- [Task item]: Beneath this task are records; print exactly the stretch of them from the line with "Greatest Moments in" through the line with "Aufkleber für Lilac-Blume", both ends included.

[Brief descriptive captions]
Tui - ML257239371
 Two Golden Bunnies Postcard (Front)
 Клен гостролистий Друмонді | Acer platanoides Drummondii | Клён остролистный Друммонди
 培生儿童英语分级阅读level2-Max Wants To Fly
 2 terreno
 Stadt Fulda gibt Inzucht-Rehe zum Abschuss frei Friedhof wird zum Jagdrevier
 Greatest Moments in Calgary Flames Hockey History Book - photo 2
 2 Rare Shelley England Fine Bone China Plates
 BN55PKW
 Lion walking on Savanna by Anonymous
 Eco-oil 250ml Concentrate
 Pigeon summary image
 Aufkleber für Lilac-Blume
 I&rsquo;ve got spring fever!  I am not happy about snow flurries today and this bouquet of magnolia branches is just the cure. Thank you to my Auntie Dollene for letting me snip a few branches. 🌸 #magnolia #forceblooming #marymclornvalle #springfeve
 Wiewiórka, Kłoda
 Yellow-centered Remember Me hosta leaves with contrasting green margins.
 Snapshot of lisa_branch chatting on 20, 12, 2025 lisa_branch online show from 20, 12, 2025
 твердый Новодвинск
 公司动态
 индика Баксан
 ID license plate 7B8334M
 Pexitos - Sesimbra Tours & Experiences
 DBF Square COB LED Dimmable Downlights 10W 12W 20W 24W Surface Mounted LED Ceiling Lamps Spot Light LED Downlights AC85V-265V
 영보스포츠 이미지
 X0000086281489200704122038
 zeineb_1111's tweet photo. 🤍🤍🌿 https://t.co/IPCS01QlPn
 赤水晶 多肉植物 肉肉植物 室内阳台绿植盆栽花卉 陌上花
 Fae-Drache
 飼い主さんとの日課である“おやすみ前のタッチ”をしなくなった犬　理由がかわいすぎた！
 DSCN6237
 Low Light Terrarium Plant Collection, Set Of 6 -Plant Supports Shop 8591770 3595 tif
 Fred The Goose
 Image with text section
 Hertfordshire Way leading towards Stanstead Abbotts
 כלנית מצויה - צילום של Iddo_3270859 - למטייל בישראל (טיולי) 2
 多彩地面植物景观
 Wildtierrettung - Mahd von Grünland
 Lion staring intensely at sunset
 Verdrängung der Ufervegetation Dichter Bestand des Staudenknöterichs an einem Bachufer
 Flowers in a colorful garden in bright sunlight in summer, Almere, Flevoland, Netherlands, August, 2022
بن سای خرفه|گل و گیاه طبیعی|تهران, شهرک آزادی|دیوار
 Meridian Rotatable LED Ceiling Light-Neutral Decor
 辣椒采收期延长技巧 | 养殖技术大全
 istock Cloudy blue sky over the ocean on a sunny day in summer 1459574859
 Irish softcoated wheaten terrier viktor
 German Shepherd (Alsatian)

- [Response area]:
 Greatest Moments in Calgary Flames Hockey History Book - photo 2
 2 Rare Shelley England Fine Bone China Plates
 BN55PKW
 Lion walking on Savanna by Anonymous
 Eco-oil 250ml Concentrate
 Pigeon summary image
 Aufkleber für Lilac-Blume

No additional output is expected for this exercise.